--- TASK ---
Going through the material below, output exactly the lines from the one containing "Air Tags for" through the one containing "Looking out to", and no pictures.

--- SOURCE DATA ---
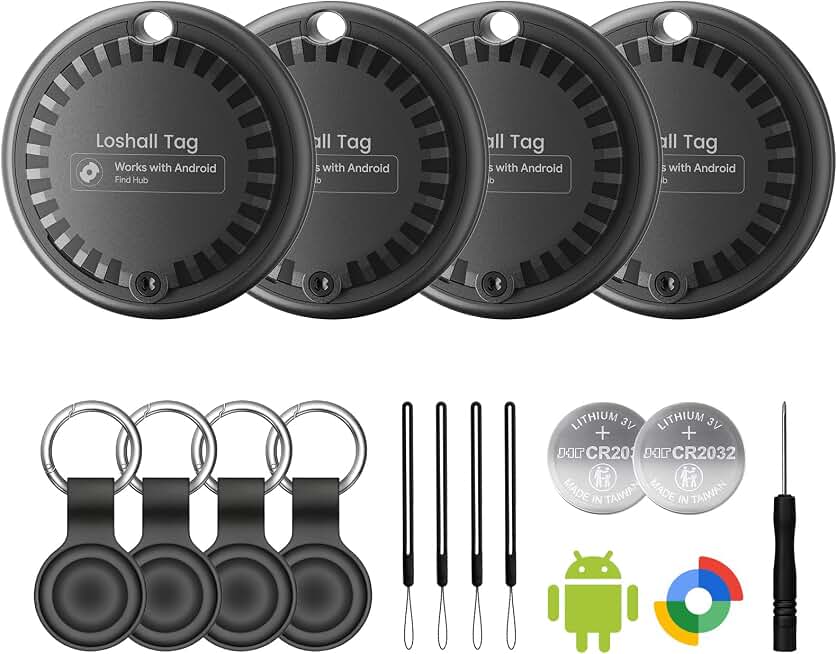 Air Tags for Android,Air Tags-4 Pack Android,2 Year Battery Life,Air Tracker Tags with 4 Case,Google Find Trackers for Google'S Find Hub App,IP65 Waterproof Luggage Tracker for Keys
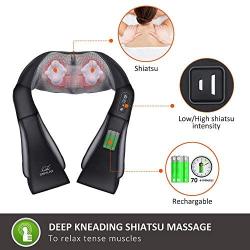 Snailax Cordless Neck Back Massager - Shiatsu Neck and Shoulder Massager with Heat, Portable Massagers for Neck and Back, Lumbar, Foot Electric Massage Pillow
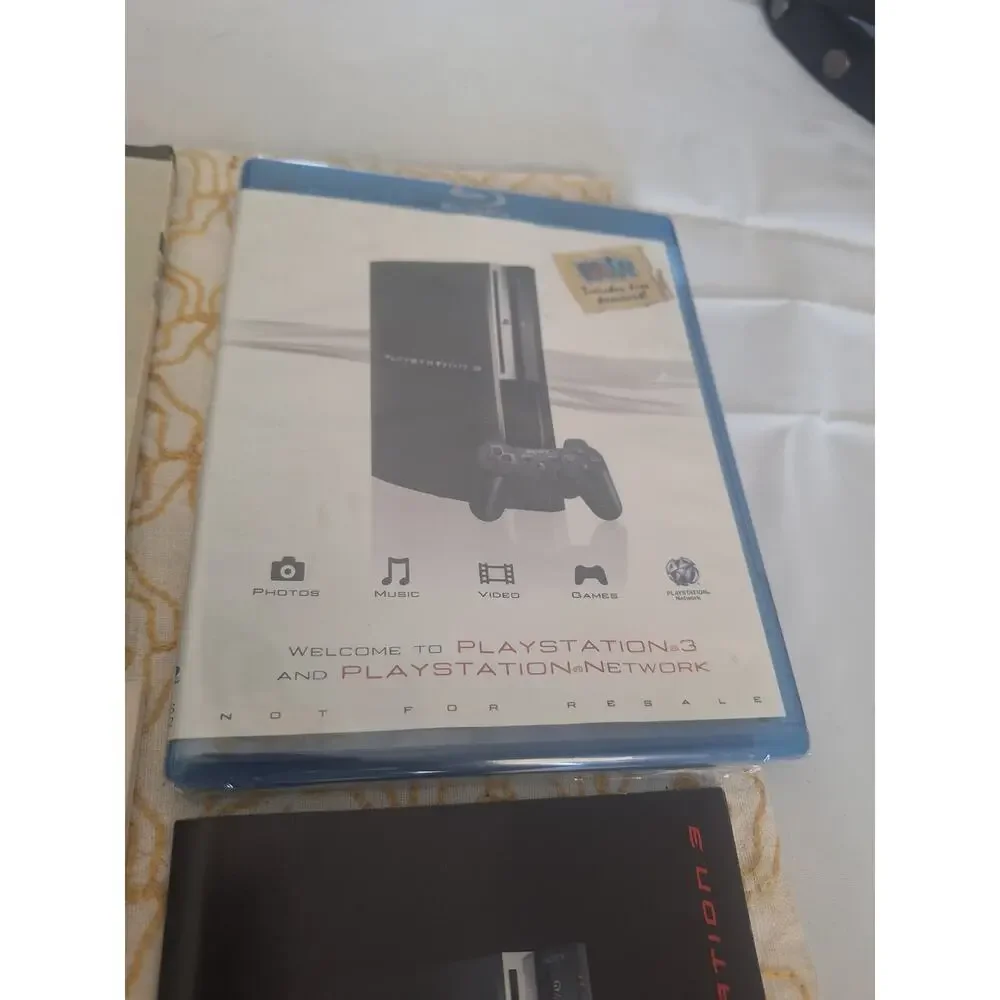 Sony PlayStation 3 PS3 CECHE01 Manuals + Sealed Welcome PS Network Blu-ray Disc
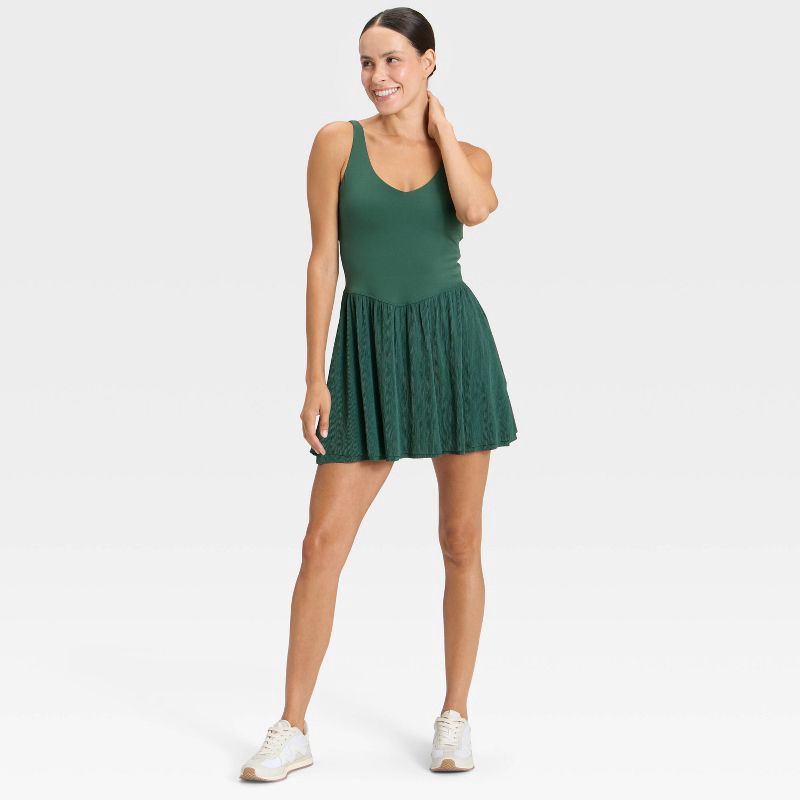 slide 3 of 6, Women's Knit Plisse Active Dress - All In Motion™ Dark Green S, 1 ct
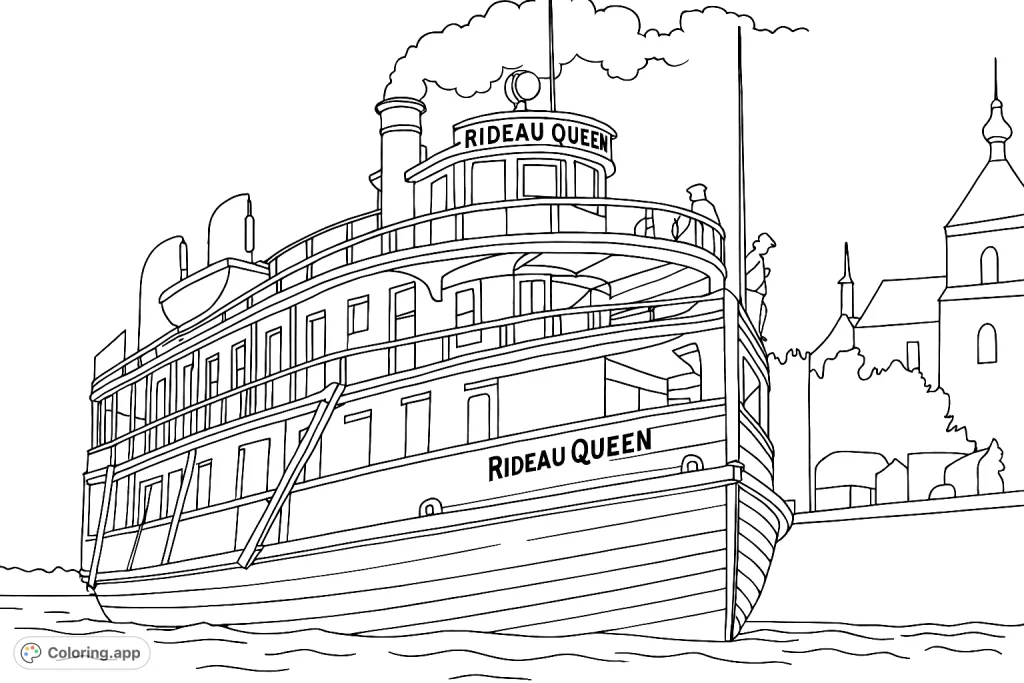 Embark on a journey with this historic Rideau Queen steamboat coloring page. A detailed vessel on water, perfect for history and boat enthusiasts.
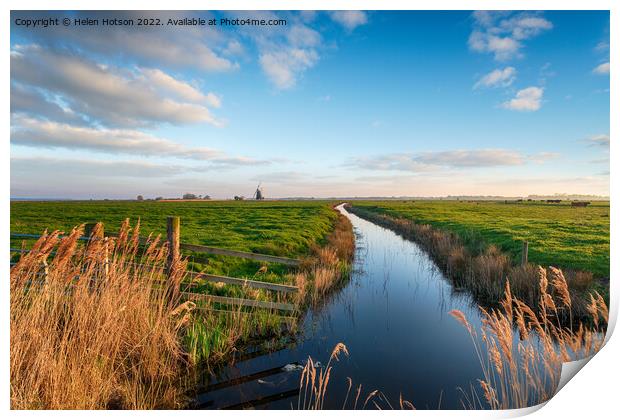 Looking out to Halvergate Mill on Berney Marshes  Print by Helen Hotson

--

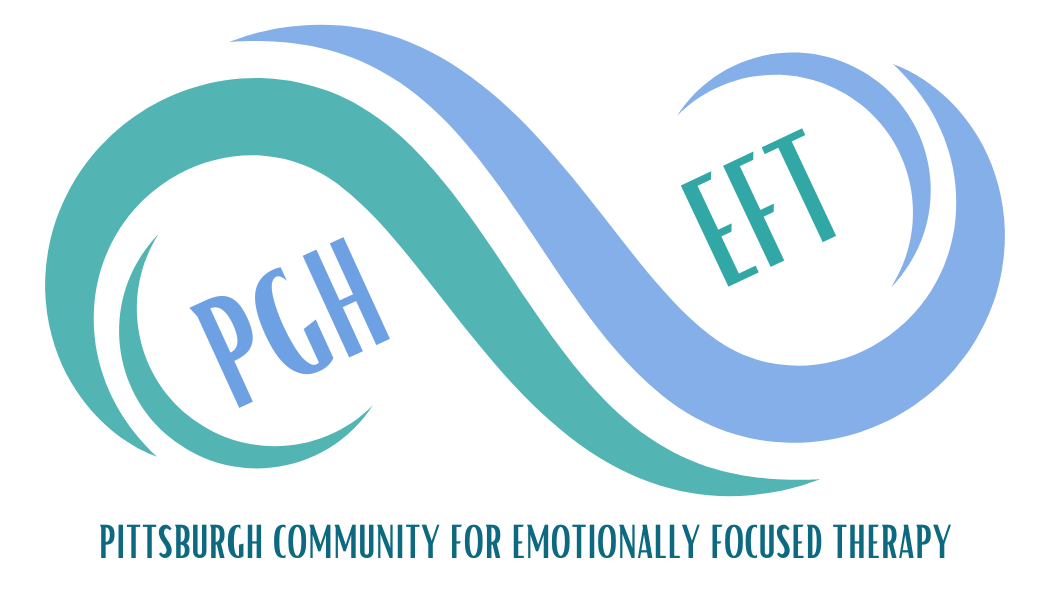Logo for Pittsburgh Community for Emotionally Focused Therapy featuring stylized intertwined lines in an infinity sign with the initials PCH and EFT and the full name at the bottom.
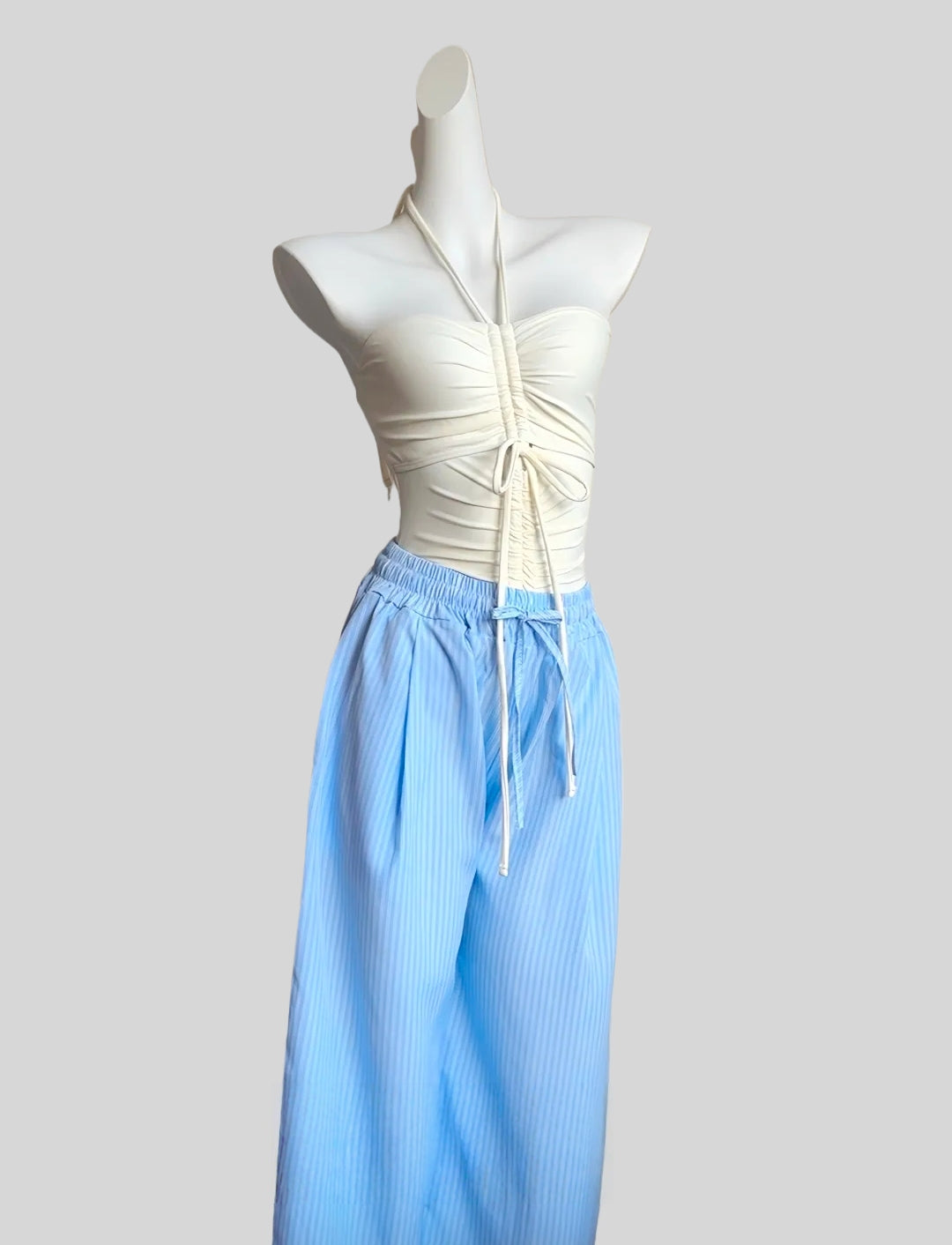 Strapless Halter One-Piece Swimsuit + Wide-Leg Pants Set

--

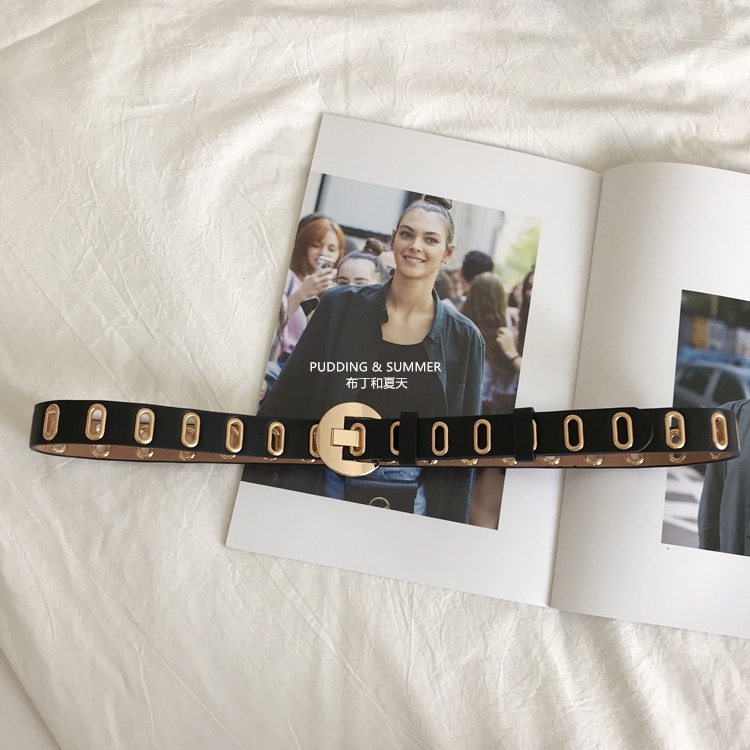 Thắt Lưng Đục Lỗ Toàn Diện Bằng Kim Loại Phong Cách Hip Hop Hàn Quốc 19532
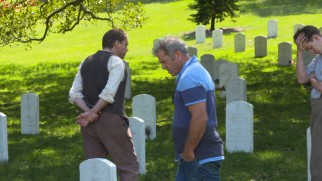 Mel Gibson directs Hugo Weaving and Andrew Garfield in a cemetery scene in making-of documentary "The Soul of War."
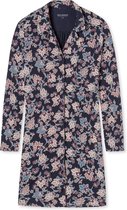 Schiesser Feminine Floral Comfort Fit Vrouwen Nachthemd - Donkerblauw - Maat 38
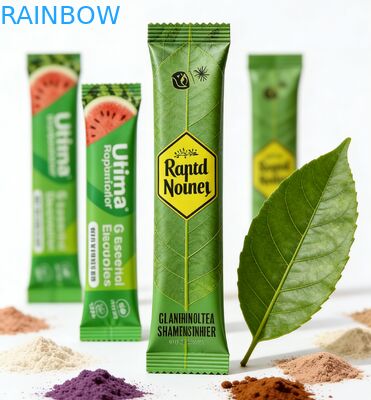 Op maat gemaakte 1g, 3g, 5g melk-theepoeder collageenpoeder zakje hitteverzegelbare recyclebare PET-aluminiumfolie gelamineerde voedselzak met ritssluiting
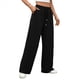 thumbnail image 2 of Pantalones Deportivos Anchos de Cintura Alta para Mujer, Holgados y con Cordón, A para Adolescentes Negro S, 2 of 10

--- SOLUTION FOR THIS PROBLEM ---
 Air Tags for Android,Air Tags-4 Pack Android,2 Year Battery Life,Air Tracker Tags with 4 Case,Google Find Trackers for Google'S Find Hub App,IP65 Waterproof Luggage Tracker for Keys
 Snailax Cordless Neck Back Massager - Shiatsu Neck and Shoulder Massager with Heat, Portable Massagers for Neck and Back, Lumbar, Foot Electric Massage Pillow
 Sony PlayStation 3 PS3 CECHE01 Manuals + Sealed Welcome PS Network Blu-ray Disc
 slide 3 of 6, Women's Knit Plisse Active Dress - All In Motion™ Dark Green S, 1 ct
 Embark on a journey with this historic Rideau Queen steamboat coloring page. A detailed vessel on water, perfect for history and boat enthusiasts.
 Looking out to Halvergate Mill on Berney Marshes  Print by Helen Hotson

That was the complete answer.